IN THE BEGINNING...THE LORD SAID,
“I will blot out man...for I am sorry that I have made them.”
WHY?
"...the woman saw that the tree was good for food, and that it was a delight to the eyes, and that the tree was to be desired to make one wise, she took of its fruit and ate, and she also gave some to her husband who was with her, and he ate."
WHY?
Man blamed Eve...The man said, “The woman whom you gave to be with me, she gave me fruit of the tree, and I ate.”
Eve blamed the serpent. The woman said, “The serpent deceived me, and I ate.”
One can understand how that happened. Afterall, God told us in the beginning that "the serpent was more crafty than any other beast of the field that the Lord God had made."
Blame cascades: Adam to Eve, Eve to the serpent, yet none to the self. The crafty one slithers away unscathed at first.
God looks on with the ache of a parent and profound grief over what His image-bearers had become.
In time, the whole earth brimmed with violence (Hamas)—every intent of human hearts turned toward evil, unchecked and unrelenting.

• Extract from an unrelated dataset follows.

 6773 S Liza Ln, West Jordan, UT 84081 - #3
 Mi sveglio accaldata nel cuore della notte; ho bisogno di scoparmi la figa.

And the Lord regretted that he had made man on the earth, and it grieved him to his heart. So the Lord said, “I will blot out man whom I have created from the face of the land, man and animals and creeping things and birds of the heavens, for I am sorry that I have made them. But Noah found favor in the eyes of the Lord.
"The Lord saw that the wickedness of man was great in the earth, and that every intention of the thoughts of his heart was only evil continually."
So the rains came, the ark rose and God "reset" the world, starting over with righteous Noah and his family.
Eventually, "Everything on the dry land in whose nostrils was the breath of life died. He blotted out every living thing that was on the face of the ground, man and animals and creeping things and birds of the heavens. They were blotted out from the earth. Only Noah was left, and those who were with him in the ark."
BUT GOD remembered Noah and all the beasts and all the livestock that were with him in the ark. And God made a wind blow over the earth, and the waters subsided.
God knew mankind would return to it's evil ways.
BUT...
Then Noah built an altar to the Lord and took some of every clean animal and some of every clean bird and offered burnt offerings on the altar. And when the Lord smelled the pleasing aroma, the Lord said in his heart, “I will never again curse the ground because of man, for the intention of man's heart is evil from his youth. Neither will I ever again strike down every living creature as I have done. While the earth remains, seedtime and harvest, cold and heat, summer and winter, day and night, shall not cease.”
WHY?
This sentence may be the most confusing explanation by God in the entire bible.
I will never again curse the ground because of man, for the intention of man's heart is evil from his youth.
BUT...
Notice why God relented. Repentance...an offering to God. In effect, Noah, representing all of mankink, acknowledged accountability. He had a contrite heart.
It is a contrite heart where pride yields to plea, where the bruised soul turns back God.
In Psalm 51, David, scourged by his own shadows, cries out: "The sacrifices of God are a broken spirit; a broken and contrite heart, O God, you will not despise."
The prophet Isaiah amplifies the whisper: "For thus says the One who is high and lifted up... I dwell in the high and holy place, and also with him who is of a contrite and lowly spirit, to revive the spirit of the lowly, and to revive the heart of the contrite."
And in Isaiah 66: "But this is the one to whom I will look: he who is humble and contrite in spirit and trembles at my word."
The Psalms encircle the broken: "The Lord is near to the brokenhearted and saves the crushed in spirit."
We live in world without accountability. Blame is cascading again. How long before God intervenes again?
Can you imagine the whole world being brokenhearted, with a contrite heart and crying out? It seems to me that is what it would be like if the world was coming to an end. I wonder: would God respond then?